İlk fark ettiğimde küçücük bir karaltı gibi duran silüete gittikçe daha fazla yaklaşıyorum. Batan güneşin ardından loşlaşıyor her şey, ve ada daha bir karanlıklaşıyor ben yaklaştıkça. İçimde beklemediğim bir heyecan. Sana dair bu güne kadar sormadığım bir sürü soru kuşatıyor aklımı. Kiminle karşılaşacağıma ait sorular tam bir bilinmeze dönüyor artık bende. Ne sen sormuştun ne ben söylemiştim kim olduğumu ve bende sana sormamıştım. O zamanlar gerek duymadığımız bu sorular şimdi başımı döndürüyor. Keşke sorsaydım diye düşünüyorum. Ama bir beklenti içerisinde olmamanın dayanılmaz hafifliği sarmalıyor beni yeniden. Kimse kim diyorum usulca, aksi yada çekilmezdir en fazla, en fazla olacağı geriye dönmek olur ki bu düşünceyi hiç sevmedim adanın muhteşem görünüşü karşımda oluşurken.
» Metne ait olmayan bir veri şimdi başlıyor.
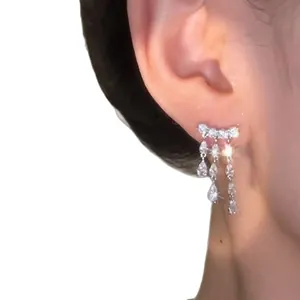 Elegant 18k gold plated zircon teardrop tassel earrings shown on a female model's ear
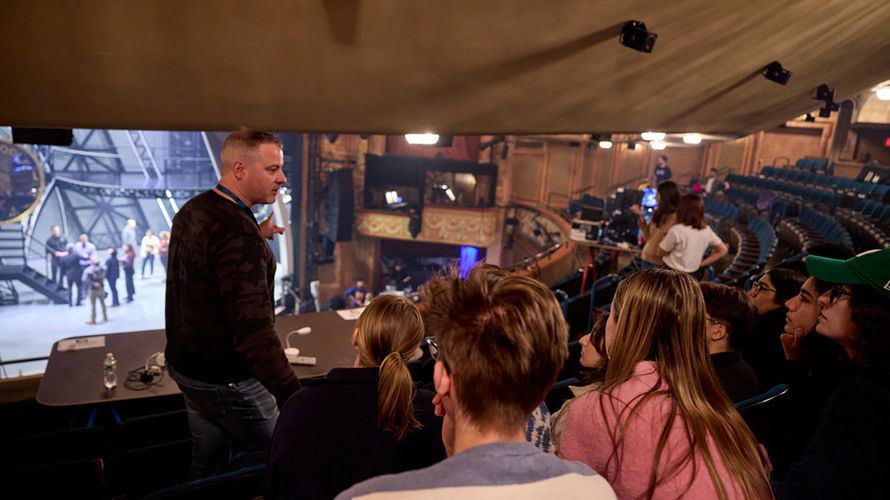 John Johnson teaches class on the balcony of the longacre theater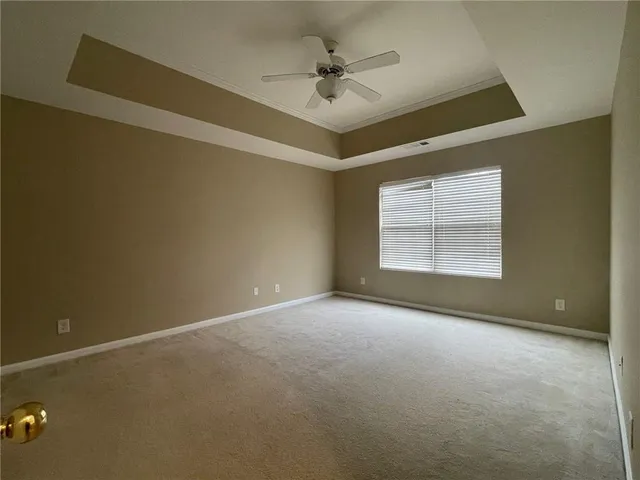 an empty room with a chandelier fan and windows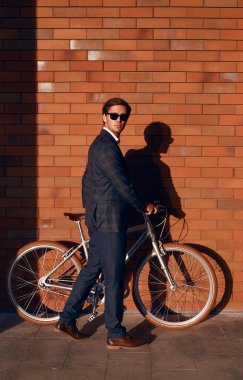 İş adamı bisikletini caddeye park ediyor.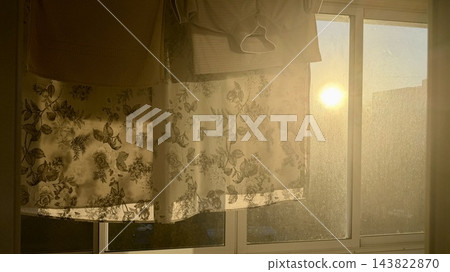 Warm sunlight shining through a window with hanging laundry and translucent fabric, creating a nostalgic cozy home atmosphere 143822870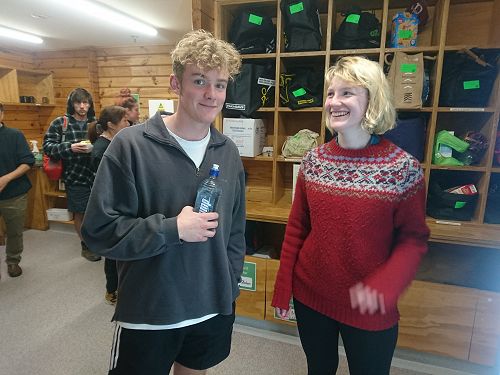 Ever the Johnnies gentlemen Max Walker takes time out to talk to YHA guests from overseas (wary boyfriend in rear of shot)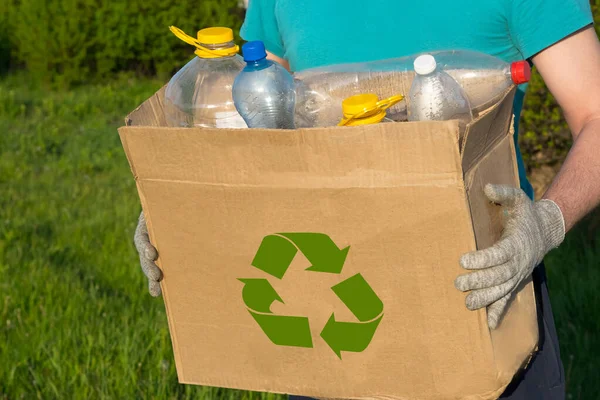 ボランティアがゴミを片付けます プラスチックボトルの箱を手に手袋をしている男 生態学 純粋な自然 分別収集 プラスチックは止めて リサイクル 廃棄物ゼロ — ストック写真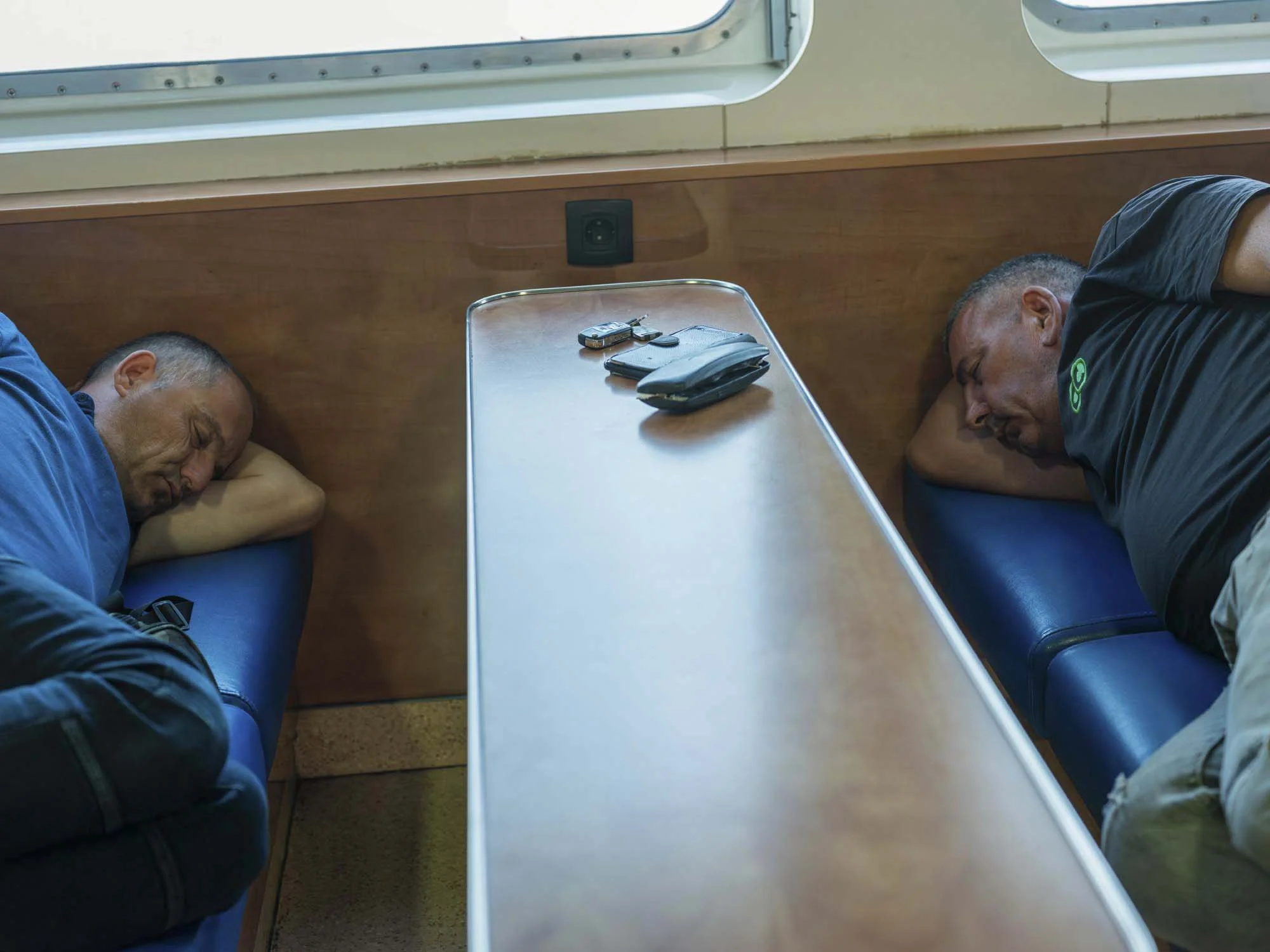 Commuters on the early morning ferry from Split to Brač, Croatia, resting and using smartphones on the deck, documentary photography by Roman Bezjak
Botun ucunu belirginleşen ışığa doğru yöneltiyorum.

Fotoğraf: http://tfavretto.deviantart.com/art/Island-Cabin-51632266

Etiketler:

“Yolculuk -1-”

  1. Anonymous Adsız Says:

    bir yaşamdan bir adaya kaçış, bi sırt dönüş ve yeni bir karşılama belkide..merakla okuyacağım devamını şimdi..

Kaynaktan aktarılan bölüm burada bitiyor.